You can expect up to 900% compression rate for some files. For example, many LADEE housekeeping labels are about 45KB. Compressed BLOB size is about 5KB. For smaller files, such as collection labels, compression rate is about 350% (5.5KB file is compressed to 1.6KB).

After loading data into OpenSearch, you can extract original labels by running Registry Manager tool:

registry-manager export-file \
    -lidvid urn:nasa:pds:ladee_ldex:data_calibrated::1.2 \
    -file /tmp/data_calibrated.xml

To disable BLOB storage, modify fileInfo section in Harvest configuration file.

<fileInfo storeLabels="false" storeJsonLabels="false" />

Extract Metadata by XPath¶

(only applies to command line harvest)

To extract metadata by XPath, you have to create one or more mapping files and list them in Harvest configuration file as shown below.

<harvest>
...
  <xpathMaps baseDir="/home/pds/harvest/conf">
    <xpathMap filePath="common.xml" />
    <xpathMap rootElement="Product_Observational" filePath="observational.xml" />
  </xpathMaps>
</harvest>

In the example above there are two xpathMap entries. Each entry must have filePath attribute pointing to a mapping file. A path can be either absolute or relative to the baseDir attribute of the xpathMaps tag. The baseDir attribute is optional. The same example with absolute paths is shown below.

<xpathMaps>
  <xpathMap filePath="/home/pds/harvest/conf/common.xml" />
  <xpathMap rootElement="Product_Observational"
            filePath="/home/pds/harvest/conf/observational.xml" />
</xpathMaps>

An xpathMap entry can have optional rootElement attribute. Without this attribute, XPaths queries defined in a mapping file (common.xml), will run against every XML document processed by Harvest. With rootElement attribute, only XMLs with that root element will be processed.

Mapping Files¶

A mapping file has one or more entries which map an output field name to an XPath query. For example, to extract start_date_time and stop_date_time from observational products, you can use the following file.

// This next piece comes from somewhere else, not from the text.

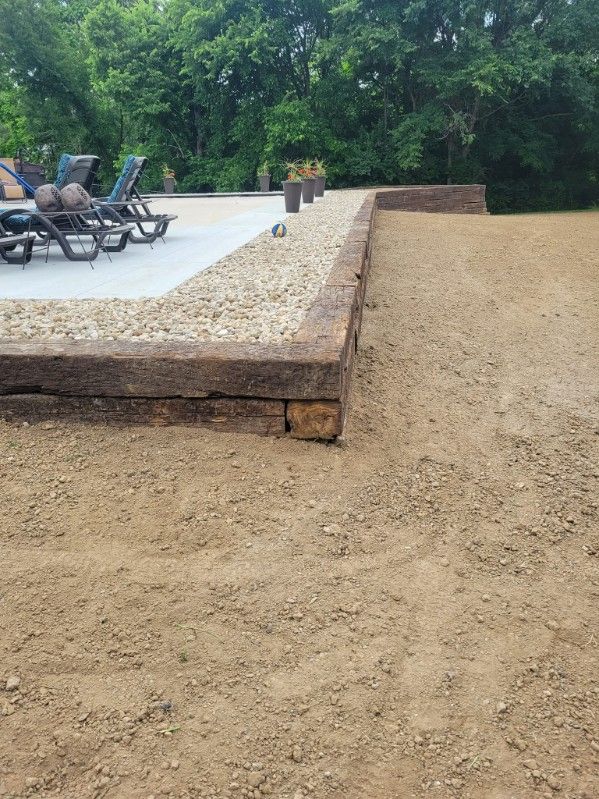 Stone patio edge with gravel, dirt, and lounge chairs in a yard.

<?xml version="1.0" encoding="UTF-8"?>
<xpaths>
  <xpath fieldName="start_date_time">/Product_Observational/Observation_Area/Time_Coordinates/start_date_time</xpath>
  <xpath fieldName="stop_date_time">/Product_Observational/Observation_Area/Time_Coordinates/stop_date_time</xpath>
</xpaths>
</source>

You can use optional dataType=”date” attribute to convert valid PDS dates to ISO-8601 “instant” format (e.g., “2013-10-24T00:49:37.457Z”).

<xpaths>
  <xpath fieldName="start_date_time"
         dataType="date">/Product_Observational/Observation_Area/Time_Coordinates/start_date_time</xpath>
  <xpath fieldName="stop_date_time"
         dataType="date">/Product_Observational/Observation_Area/Time_Coordinates/stop_date_time</xpath>
</xpaths>

XML Name Spaces¶

Harvest ignores namespaces when extracting metadata by XPath. Below is a fragment of LADEE UVS product label which uses “ladee” namespace for mission area fields.

<Observation_Area>
  <Mission_Area>
    <ladee:latitude>17.2367925372247</ladee:latitude>
    <ladee:longitude>194.054477731391</ladee:longitude>
    ...

To extract latitude and longitude you can use the following XPaths without namespaces.

<xpaths>
  <xpath fieldName="latitude">//Mission_Area/latitude</xpath>
  <xpath fieldName="longitude">//Mission_Area/longitude</xpath>
</xpaths>